Çok haklı, çok sıkılmadık mı son 10 yılda aynı şeyleri konuşmaktan ve durum tespitinin ötesine bir türlü geçememekten? Gerek kamuda gerekse özel sektör kuruluşlarında kaç tane rapor yazdık belli değil. Banu hoca benzer süreçlerin Çin’de de içinde olduğu için oradaki süreci de yakından biliyor. Çin, Türkiye’nin son 10 yılda içine düştüğü ‘durum tespiti’ mazeretini birkaç yılda aştı ve çoktan söylemden eyleme geçti. Söylemden eyleme geçişin sonuçları da ortada. Sonuca, çıktıya, işi yapmaya odaklı bir düzeni bir şekilde benimsediler. Artık konuşan yok. İşi yapıp, sonuç alan ve sonra yaptıklarını anlatanlar var.
Biz bunu Banu hoca ile sağlık teknolojileri özelinde konuşurken aslında son günlerde benzer şeyi biyoteknoloji için de yoğun olarak düşünüyordum. Son zamanlarda yine bir biyoteknoloji konusu aynı tekrarlar ile gidiyor. Düşününce 2015’te TOBB’da bir Biyoteknoloji Sektör Meclisi çalışması başlatmıştık. Onunla birlikte dünyanın en büyük biyoteknoloji sektör birliği olan BIO (Biotechnology Innovation Organization) ile bir işbirliği anlaşması bile imzalamıştık. Biyoteknolojide tematik fon, özel endüstriyel bölge, teknoloji bazlı teşvik konularının hepsini konuşmuş, tartışmış, yazıp çizmiştik. Bizim biyogirişimcilik konuları da o günlere dayanıyor. Sanırım o günlerden en somut adım ve sahaya dokunan iş BIO Startup Program ve 5 yıldır devam ettirebiliyoruz. Diğer konular ise sanki daha önce hiç konuşulmamış, yazılıp çizilmemiş gibi yeniden ve yeniden en baştan tartışıyoruz. Yine bir durum tespiti karmaşası içinde.

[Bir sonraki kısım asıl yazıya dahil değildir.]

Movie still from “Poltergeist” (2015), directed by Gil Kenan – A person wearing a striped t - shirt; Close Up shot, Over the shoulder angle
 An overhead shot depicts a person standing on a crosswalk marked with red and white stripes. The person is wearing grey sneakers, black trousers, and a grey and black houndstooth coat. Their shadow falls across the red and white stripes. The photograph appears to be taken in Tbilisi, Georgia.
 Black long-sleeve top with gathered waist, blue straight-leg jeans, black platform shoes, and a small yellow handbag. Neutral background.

Artık konuşmaktan yapmaya geçmek dışında şansımız yok. Bakın AB’de yeşil sanayi konusunda işler giderek ciddileşti. Avrupa Yeşil Mutabakatı (EU Green Deal) yeni sanayi çerçevesini ve Avrupa pazarında önümüzdeki dönemde işlerin nasıl gideceğini gösteriyor. Biz zaten yıllardır biyoteknolojinin, özellikle de endüstriyel biyoteknolojinin, sadece farklı sektörlerde verimlilik artışları kanalıyla ekonomik büyümeye değil, karbon emisyonlarını düşürmek, atık yönetiminde etkinlik gibi sürdürülebilirlik konularına nasıl katkı sağlayabileceğini tarif ediyoruz. Artık bu anlatma işinin ötesine gidip hep birlikte işi yapmak gerekiyor. Birimizin ikimizin yapması yetmez, işi yapanların sayısının konuşanların sayısının üzerine çıkması gerekiyor acilen. Endüstriyel biyoteknoloji alanında hayata geçen Livzym Biyoteknoloji çok önemli bir adım ama devamının gelmesi gerekiyor. İşi yapmaya ve işi yapmak için önündeki engelleri kaldıracak somut adımlara odaklanmamız lazım. Bu çerçevede gündeme almamız gereken başka bir konu da Biyogüvenlik Kanunu.
Yine 5 yıl önce söylediğime dönüyorum: inovasyon konuşmaktan inovasyon yapmaya geçiş. O zaman TOBB’da böyle bir inovasyon konuşmaktan inovasyon yapmaya geçiş programı bile tasarlayıp nasıl yapılır diye yazıp çizmiştik. Elimizde yeterince malzeme var, çokça konuştuk, yazdık çizdik, onları kullanalım ve artık konuşmak yerine iş yapalım. Dünyanın nereye gittiği belli, güncel boşlukları analiz edebiliyoruz. Somut adım atmazsak ne COVID-19 ile ortaya konan sahadaki yoğun sağlık teknolojileri çalışmalarını sürdürülebilir kılıp dünyada rekabet gücüne sahip olabiliriz, ne de Avrupa’nın Yeşil Mutabakatından faydalanabiliriz. Söylemden eyleme geçiş ve değere odaklanmak şart, başka yolu yok.